The past 365 days have held plenty of surprises, changes and shifts in our group of friends:  a baby (ours), four engagements, and a wedding. There are more of these events to come- with four engagements, we get to attend three more weddings. CLP was fitted for his tuxedo a couple weeks ago for a wedding in November. Before I met CLP, before I ever thought I would actually get married, I really enjoyed weddings. Bring a present, wear a pretty dress, get free food, dance with friends, and celebrate the couple. It’s an awesomely fun party. When CLP and I went to our first wedding together, my view on the event changed. I didn’t have the “bride bug”, per se, but I stopped liking weddings and started to love them. When you’re with the one you truly love, you love love (wow, that’s a lot of “love” going on there.). So, when I was planning our wedding, I was truly excited to celebrate our relationship with everyone. And wear a gorgeous dress.

So, 18ish months later, I’m standing in my husband’s bathroom, Q-tipping my ears, staring at my wedding dress bag, which is hiding in the back of his closet so I don’t have to look at it. The exquisite dress that I never wore hung with sadness. So I called up the bridal consignment store down the road to see if they’d take it off my hands. The potential sale meant a new vacuum, some bills paid, aka, it was a practical swap.

Weddings are hard for me now. I’m torn by my feelings of happiness for the couple and my feelings of sadness for not having a wedding of my own.
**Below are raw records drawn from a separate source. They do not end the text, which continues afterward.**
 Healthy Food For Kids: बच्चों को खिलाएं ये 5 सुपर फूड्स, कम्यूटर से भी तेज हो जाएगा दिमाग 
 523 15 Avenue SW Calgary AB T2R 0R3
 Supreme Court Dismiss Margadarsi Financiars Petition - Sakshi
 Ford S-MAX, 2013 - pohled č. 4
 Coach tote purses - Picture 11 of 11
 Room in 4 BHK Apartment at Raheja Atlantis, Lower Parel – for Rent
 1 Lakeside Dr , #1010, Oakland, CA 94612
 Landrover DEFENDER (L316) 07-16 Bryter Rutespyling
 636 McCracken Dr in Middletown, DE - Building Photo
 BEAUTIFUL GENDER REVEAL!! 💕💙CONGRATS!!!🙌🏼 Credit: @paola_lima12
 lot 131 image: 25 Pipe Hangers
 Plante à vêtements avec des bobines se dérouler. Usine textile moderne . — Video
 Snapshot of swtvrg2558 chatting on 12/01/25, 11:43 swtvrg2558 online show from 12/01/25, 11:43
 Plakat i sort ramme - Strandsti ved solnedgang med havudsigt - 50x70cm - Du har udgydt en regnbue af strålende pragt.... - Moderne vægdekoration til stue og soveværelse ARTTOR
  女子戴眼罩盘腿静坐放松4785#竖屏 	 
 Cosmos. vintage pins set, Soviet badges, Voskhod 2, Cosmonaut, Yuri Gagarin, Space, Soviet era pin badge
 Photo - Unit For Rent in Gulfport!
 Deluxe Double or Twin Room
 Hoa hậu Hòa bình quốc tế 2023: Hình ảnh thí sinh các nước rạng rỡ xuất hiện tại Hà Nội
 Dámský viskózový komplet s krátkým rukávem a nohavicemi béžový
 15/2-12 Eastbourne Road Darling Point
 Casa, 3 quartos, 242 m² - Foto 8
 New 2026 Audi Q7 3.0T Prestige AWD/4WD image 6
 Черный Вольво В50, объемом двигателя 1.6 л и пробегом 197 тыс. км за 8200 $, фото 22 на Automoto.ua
When this attitude hits me I usually remind myself that I have what everyone (mostly everyone) wants: the happy marriage, beautiful baby, loving home and cooking skilllllllzzzzzzzzzz (that’s right. I said it.). I didn’t need the reminder of the never worn dress every time I wanted to swab my ears. So I took it to the store.

Of course, when I unzipped the dress bag, everyone in the store gasped. This dress is gorgeous, seriously. Here’s a link to it, courtesy of Allure Bridals. My shoulders are broader than my hips, and the shape of the dress isn’t flattering on everyone, but when it’s the right body, holy moly. I don’t think I look good in much, but I guarantee you, this dress is stunning on me. I half- jokingly asked the shop owner if I could visit it before it sold. She, and some of the shoppers in the store, assured me it wouldn’t be there long.

On the drive home it hit me. A year ago today would have been our wedding.

I fought back tears as I pulled into our driveway. Then I sent a text to CLP to remind him of the date. Then I told him I had taken the dress to the consignment store.

When we finally hashed it out, he surprised us both by being upset about the dress no longer being in our home. He said words that finally made the tears spill, “I wanted to see you, beautiful as you are, in the dress you loved so much … I never got to see you wear it.” After mini Gwinn got a good laugh at my crying (he crawled in my lap to giggle at me), I called the store and asked if I could come get my dress. She chuckled and said, “I knew you would have second thoughts. Absolutely, come get it. It’s yours!” She was kind and understood. Even if I never got to wear it, that gorgeous gown was my wedding dress.

Am I crazy for harboring disappointment in never having a wedding? Maybe. But I don’t claim to be sane. Every deserving lady should get to have one day where she wears an incredibly beautiful and expensive dress, gets to eat yummy cake made just for her, and has the opportunity to tell everyone she knows how much she loves her man. I’m still torn about the wedding I never had. It’s a bittersweet feeling- I have all the best things about a wedding in my marriage.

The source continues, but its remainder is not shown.